SKIPNet: Spatial Attention Skip Connections for Enhanced Brain Tumor Classification
Journal:
arXiv
Published Date:
Dec 10, 2024
Abstract
Early detection of brain tumors through magnetic resonance imaging (MRI) is
essential for timely treatment, yet access to diagnostic facilities remains
limited in remote areas. Gliomas, the most common primary brain tumors, arise
from the carcinogenesis of glial cells in the brain and spinal cord, with
glioblastoma patients having a median survival time of less than 14 months. MRI
serves as a non-invasive and effective method for tumor detection, but manual
segmentation of brain MRI scans has traditionally been a labor-intensive task
for neuroradiologists. Recent advancements in computer-aided design (CAD),
machine learning (ML), and deep learning (DL) offer promising solutions for
automating this process.

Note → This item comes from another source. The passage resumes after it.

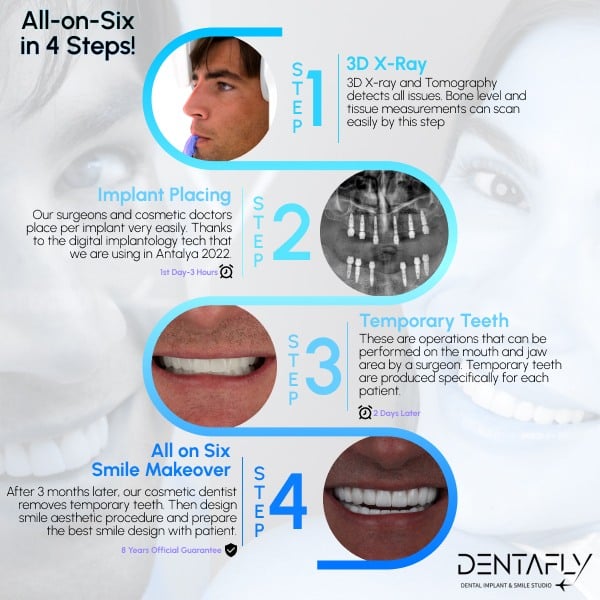 All on Six Procedure in Antalya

This study proposes an automated deep learning model
for brain tumor detection and classification using MRI data. The model,
incorporating spatial attention, achieved 96.90% accuracy, enhancing the
aggregation of contextual information for better pattern recognition.
Experimental results demonstrate that the proposed approach outperforms
baseline models, highlighting its robustness and potential for advancing
automated MRI-based brain tumor analysis.